• _Aim of the exercise_:
Only the lines from the top of the records below through the line containing "Skoda Superb 1.8 TSI Style DSG" should be printed, exactly and without pictures.

Short descriptive text snippets
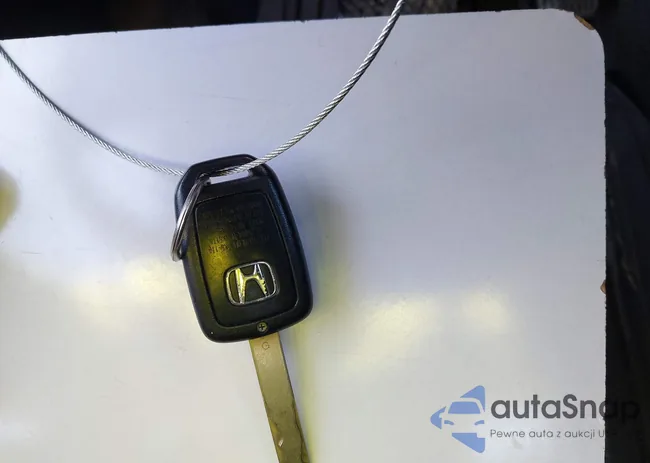 2HGFC2F51HH533595: 44301372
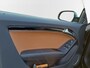 Audi A5 Cabriolet 1.8 TFSI Sport Edition Prachtig auto!/Origin. NL/S-Line/Leder/B&O/Cruise/Camera/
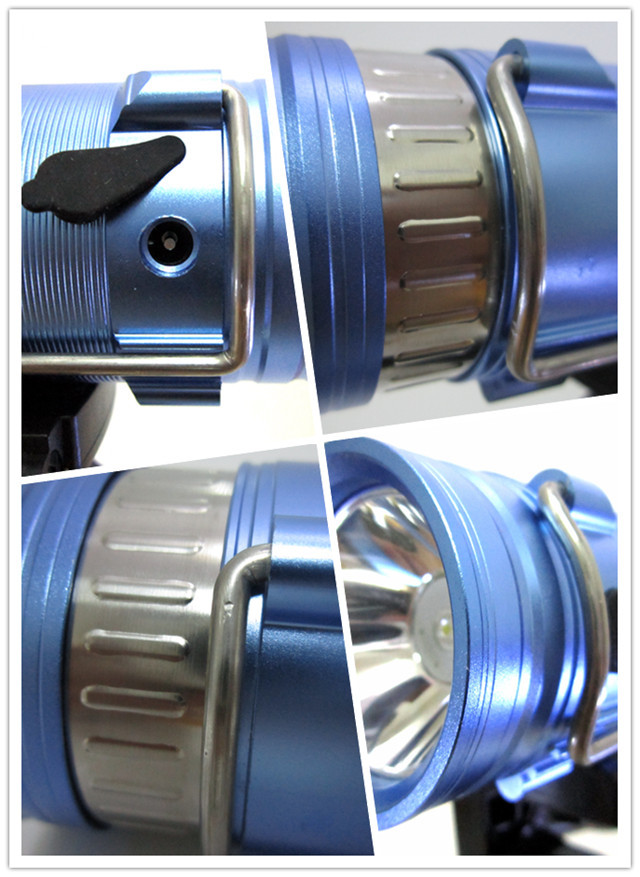 T2zaOAXcRaXXXXXXXX_!!385010737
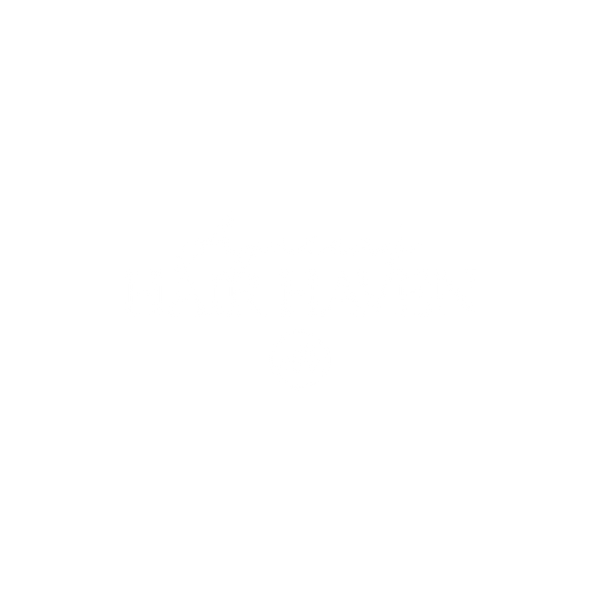 AjareaHairHaven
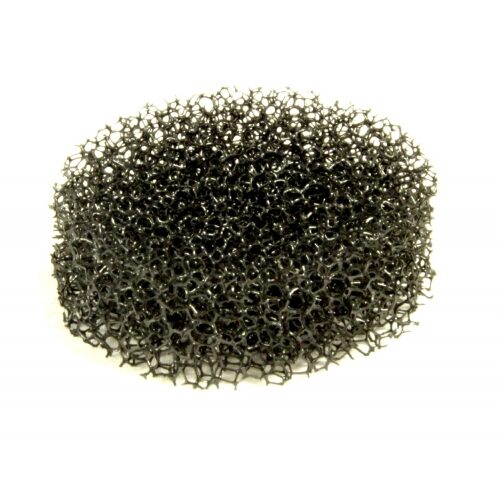 56344168 - Filter, American Lincoln, Kent, Advance, Clarke, Viper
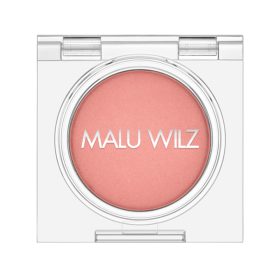 Malu Wilz Velvet Pirosító 10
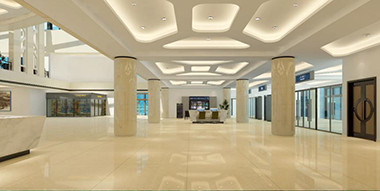 ��ʱ|AG(Asia Gaming)������Ӫ��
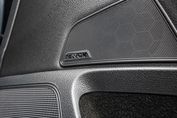 Skoda Superb 1.8 TSI Style DSG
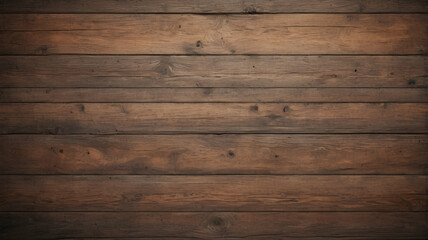 Fototapeta premium wood background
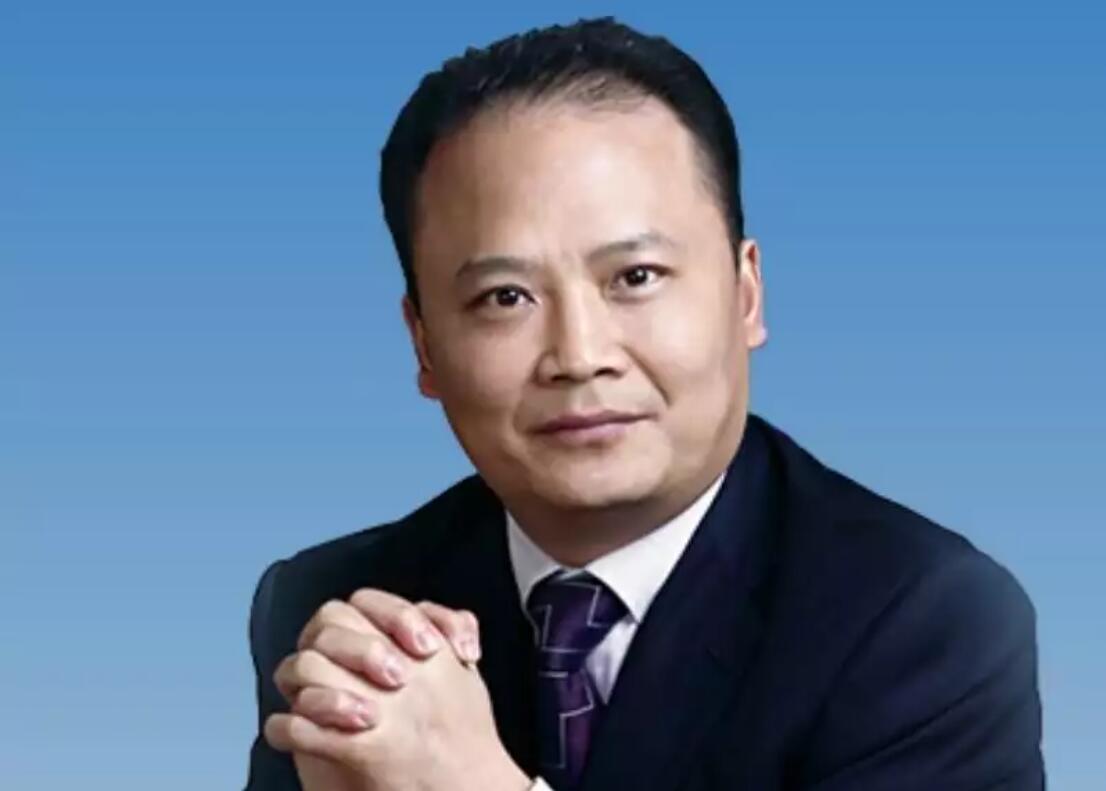 【兩會好聲音】全國人大代表、通威集團董事局主席劉漢元建議：優(yōu)先保障硅能源產(chǎn)業(yè)用電需求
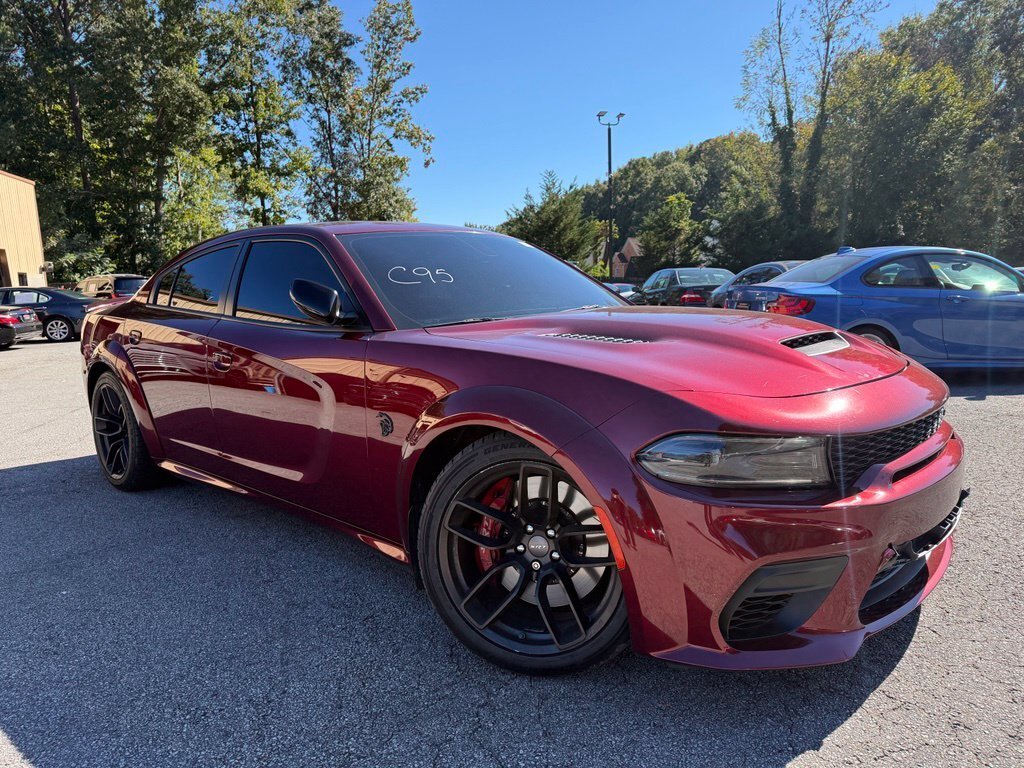 Sedan in Lilburn, GA, United States 2 - 19150659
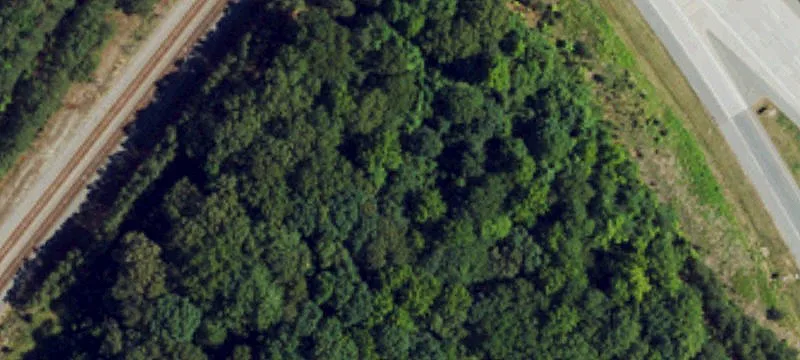 Multiple Land Parcels For Sale
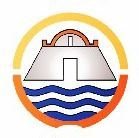 Logo of Al Shaab Sea Club - Kuwait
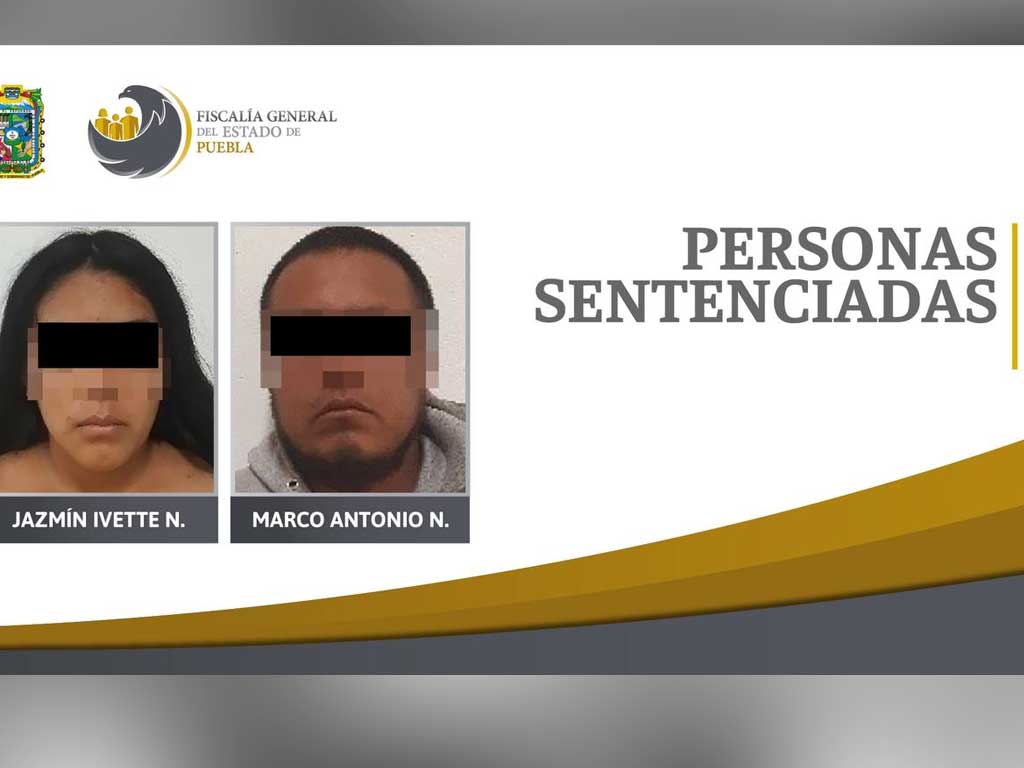 Dan 80 años de cárcel a ex mando policíaco de Chalchicomula por secuestro y homicidio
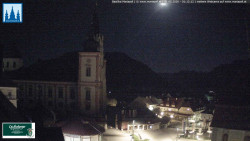 Basilika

• _Response to the exercise_:
 2HGFC2F51HH533595: 44301372
 Audi A5 Cabriolet 1.8 TFSI Sport Edition Prachtig auto!/Origin. NL/S-Line/Leder/B&O/Cruise/Camera/
 T2zaOAXcRaXXXXXXXX_!!385010737
 AjareaHairHaven
 56344168 - Filter, American Lincoln, Kent, Advance, Clarke, Viper
 Malu Wilz Velvet Pirosító 10
 ��ʱ|AG(Asia Gaming)������Ӫ��
 Skoda Superb 1.8 TSI Style DSG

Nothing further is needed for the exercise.